Based on the fact that millions of Muslims were and are being murdered by other Muslims, and many millions of others have become refugees, your Nakba really is a catastrophe, but try to think what would have happened to you if the enemy was not Jews, but rather Muslims. Horrifying thought, no?
Illusions
There is a good representation of the “forces of progress” among the Jewish majority. These are devout anti-Zionists. Sometimes more than you. And they encourage you to hang on to your rejectionism. Among us, they are a weed growing in the garden of democracy and academe. They aid and abet your fantasy of a right of return, a binational state and other nonsense. They only perpetuate your suffering. And if you think a bit more, you will understand they are racist Orientalists.

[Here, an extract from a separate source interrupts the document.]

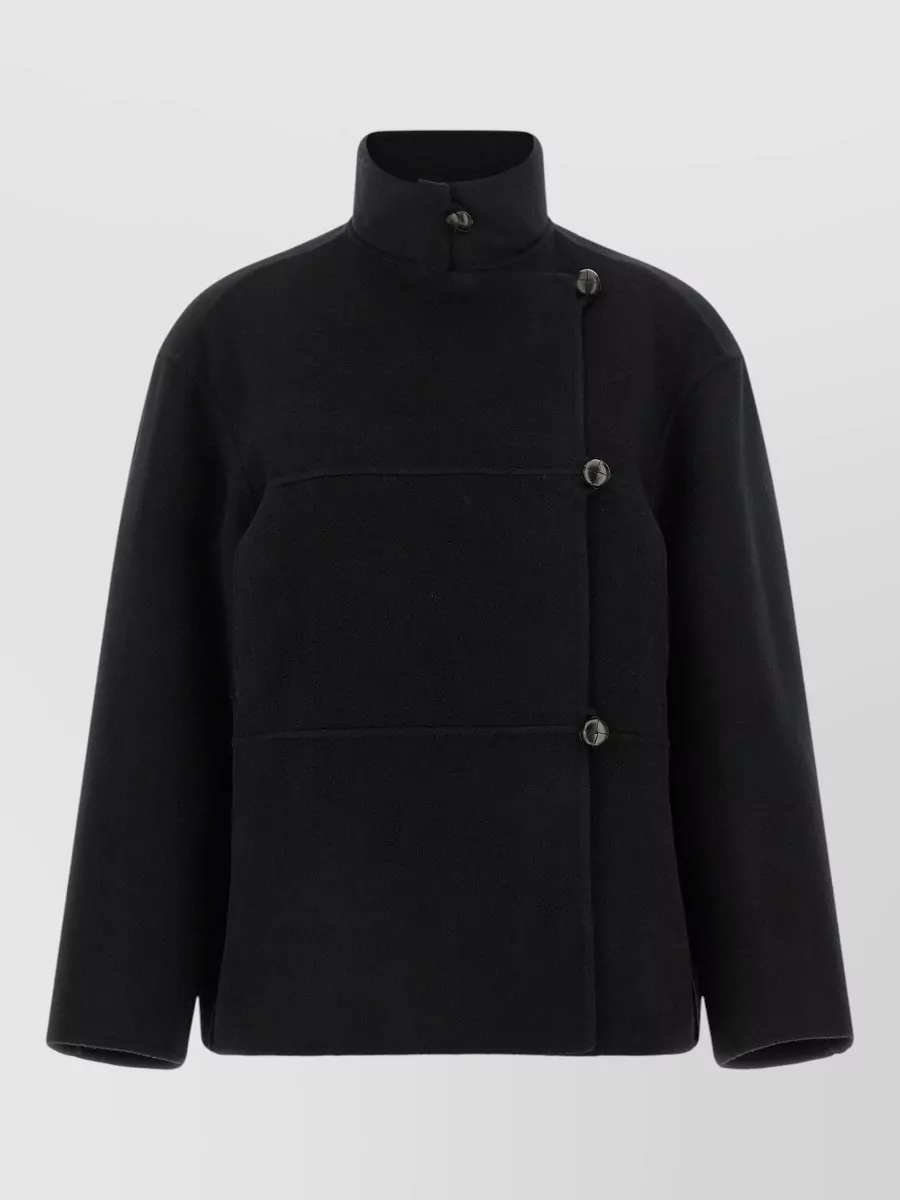 Róhe cashmere wool asymmetric high-collar jacket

From your standpoint, the Arabs are entitled to what is forbidden to others. The Arabs are permitted to kill each other, and they are encouraging you to insist on a right of return in a form that no other national group has. And they do not have the courage to tell you anything about the repression of women. They think that you are “different.” In other words, inferior. And have you not noticed the fact that every demand that you raise — every single one — gets their support? They are treating you like the retarded children of the world, and you love it. Are you crazy?
The love of Israel
Israeli Arabs, it should be said, are a community of lovers. There is not another Muslim community in the world which, despite its public claims (both justified and untenable), that clings so closely to its country. This is expressed in two ways. Firstly, it is the only national minority that has no irredentist ambitions. National minorities generally strive to annex the minority areas to the neighboring national state. This is not the case with Israeli Arabs.

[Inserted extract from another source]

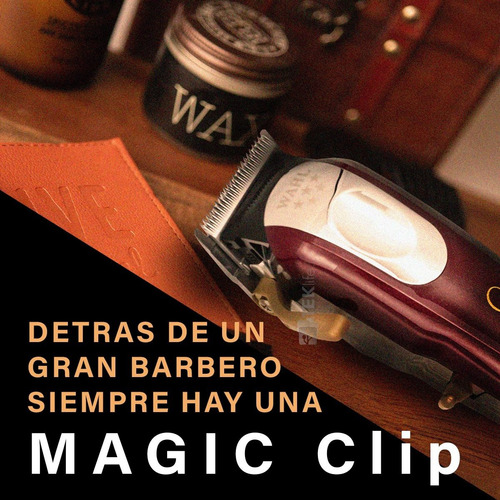 Cortadora de pelo Wahl Professional 5 Star Cordless Magic Clip 8148 plateada y roja 120V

Secondly, the percentage of immigration among Israeli Arabs to other countries is one of the lowest in the world. Surveys in Arab countries indicate substantial percentages of people who want to immigrate, which is not doable, both because of the nature of the régimes in those countries and the immigration restrictions in the countries of the West. Israeli Arabs do not have the same problem. The Israeli government does not prevent them from leaving and many immigration possibilities are open to them. Despite this, they stay here.
This is not just to the Arabs’ loyalty to their land. After all, millions of Arabs have left their countries and even more would like to leave. And of all of them, it is the Israeli Arabs who can leave, but who choose to stay here. They are well aware of the fact that it is doubtful that there is any other place in the world in which their situation would be better. They are voting with their feet. They are confirming the data presented above. This is badge of honor for the State of Israel.
Epilogue
The State of Israel is far from perfect. Bad, irritating and painful mistakes have been made by the Jewish majority, which have only increased the damage and suffering for both nations. The criticism is often justified. But when criticism is not leveled for the purpose of preventing discrimination and distortions, but rather for the sake of damaging the national ethos of the majority, the justified demand for equality is tarnished.